Athena Integration
Stemma’s Athena integration supports: extracting metadata information (tables, columns, etc)
Proceed was follows to create an Athena connection to Stemma.
Create a user
To integrate with Stemma we recommend creating a new user in IAM that has access specifically scoped to the actions and resources required. The following script enables the required access:
Terraform
terraform {
required_providers {
aws = {
source = "hashicorp/aws"
version = "~> 3.0"
}
}
}
provider "aws" {
# You are only creating IAM which are global, you may
# change the region but it should not impact this script
region = "us-east-1"
}
resource "aws_iam_user" "stemma_read_user" {
name = "stemma-read-user"
}
resource "aws_iam_user_policy" "stemma_read_policy" {
name = "stemma-read-policy"
user = aws_iam_user.stemma_read_user.name
policy = jsonencode({
Version = "2012-10-17"
Statement = [
{
Action = [
"athena:GetDatabase",
"athena:ListDataCatalogs",
"athena:GetDataCatalog",
"athena:ListDatabases",
"athena:ListTableMetadata",
"glue:GetDatabases",
"glue:GetTables"
]
Effect = "Allow"
Resource = "*"
},
]
})
}
Generate credentials
After creating the user, generate an AWS Access Key and Secret for the user.
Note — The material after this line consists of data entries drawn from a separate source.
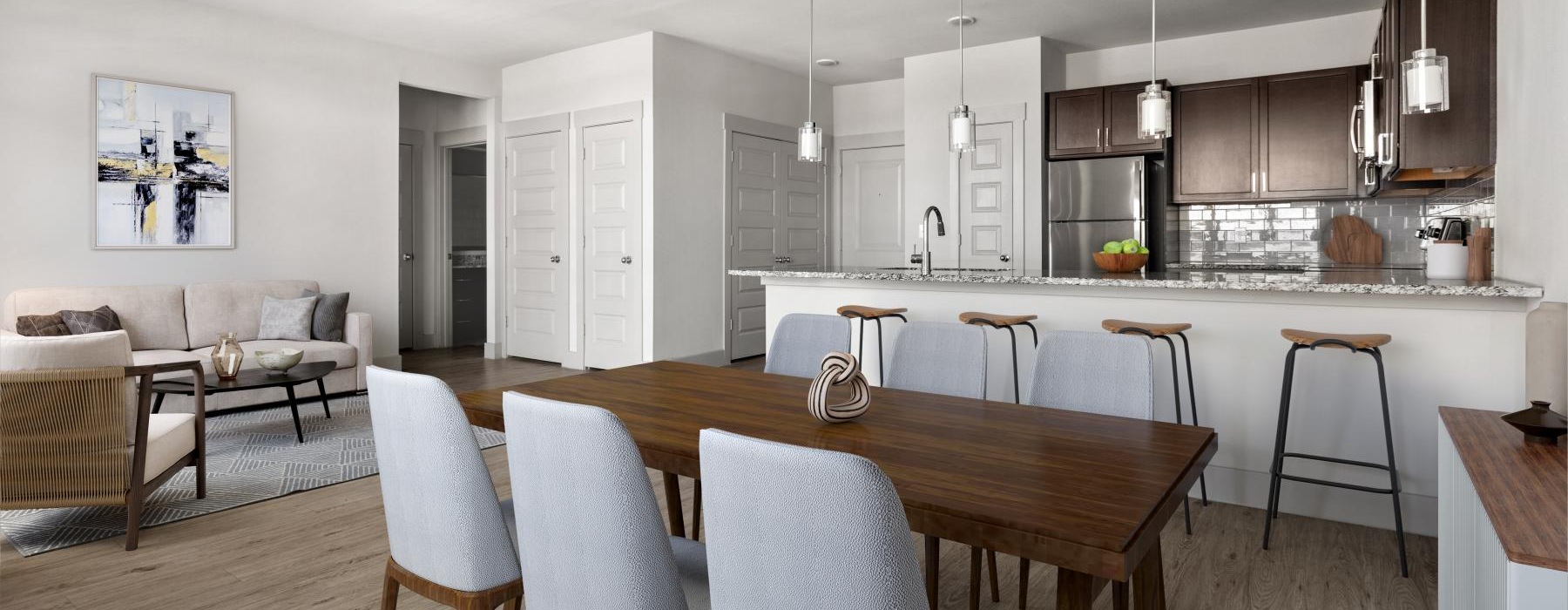 a kitchen with a dining table and chairs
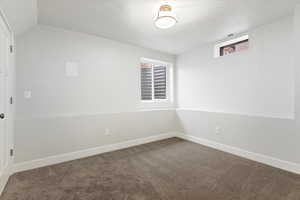 Carpeted spare room featuring vaulted ceiling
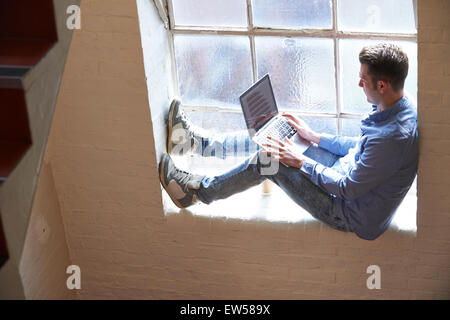 Habillé décontracté Businessman Working On Stairs In Office Banque D'Images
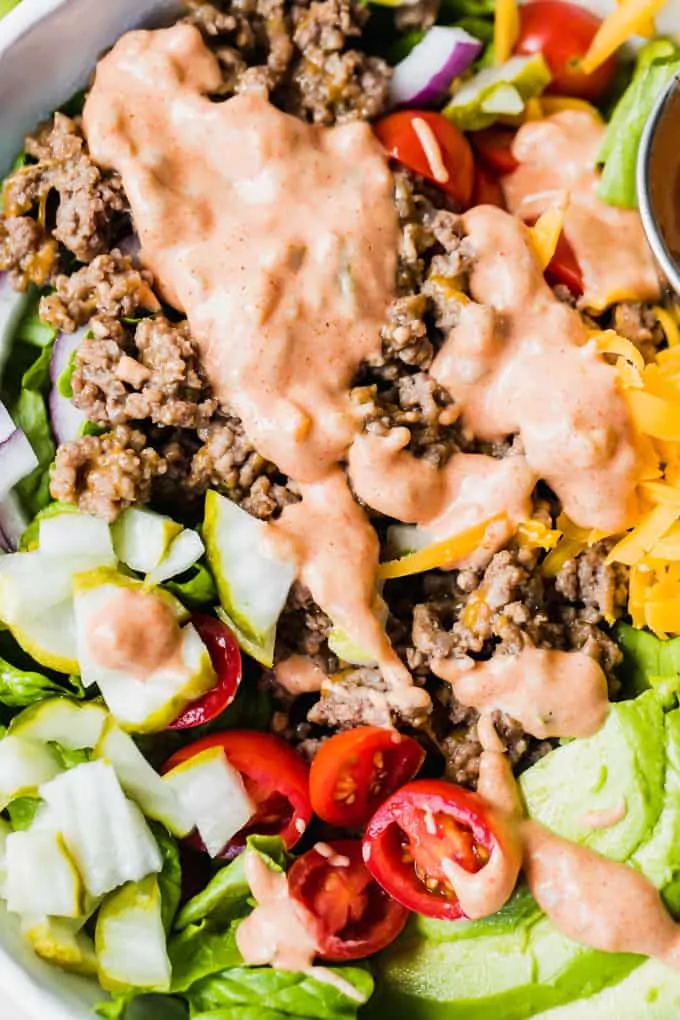 White bowl filled with chopped green lettuce, topped with cooked burger meat, cheese, avocado, tomato, pickle, red onion all drizzled with burger sauce.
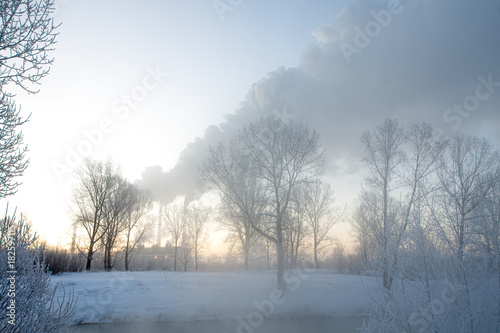 Snowy frozen landscape on sunrise with trees and smoke of factory   © photollurg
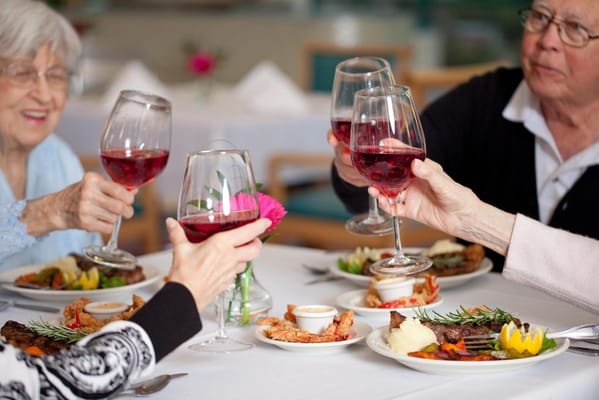Residents toasting with drinks at a dining table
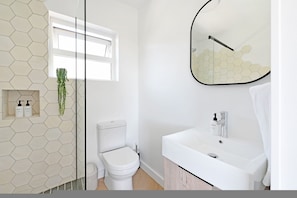 Ein modernes Badezimmer mit Wand aus sechseckigen Fliesen, Toilette, Waschbecken mit Spiegel und einem Fenster.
Provide credentials to Stemma

- Navigate to the Admin tab of the Stemma UI and choose Connections and Add New Connection
- In the pop-up window, choose AWS as the Connection type, provide a Connection Name, choose Access Key as the Authentication type, provide the AWS Access Key and AWS Access Key Secret you have just created, and specify the AWS Region:
- When you are finished, click Save Connection.
Testing the access
Optionally, you can validate the access to the catalog, databases and table that Stemma will have with the following code snippet; make sure to replace ACCESS_KEY
and ACCESS_KEY_SECRET
with the values for the Stemma Athena user:
import json
import boto3
from botocore.config import Config
client = boto3.client(
"athena",
aws_access_key_id="{ACCESS_KEY}",
aws_secret_access_key="{ACCESS_KEY_SECRET}",
config=Config(region_name="us-east-1"),
)
all_tables = []
for catalog in [cat['CatalogName'] for cat in client.list_data_catalogs()['DataCatalogsSummary']]:
for database in [database["Name"] for database in client.list_databases(CatalogName=catalog)['DatabaseList']]:
for table_name in [tbl['Name'] for tbl in client.list_table_metadata(CatalogName=catalog, DatabaseName=database)['TableMetadataList']]:
all_tables.append(f'{catalog}.{database}.{table_name}')
print('All tables available:')
print(json.dumps(all_tables, indent=2))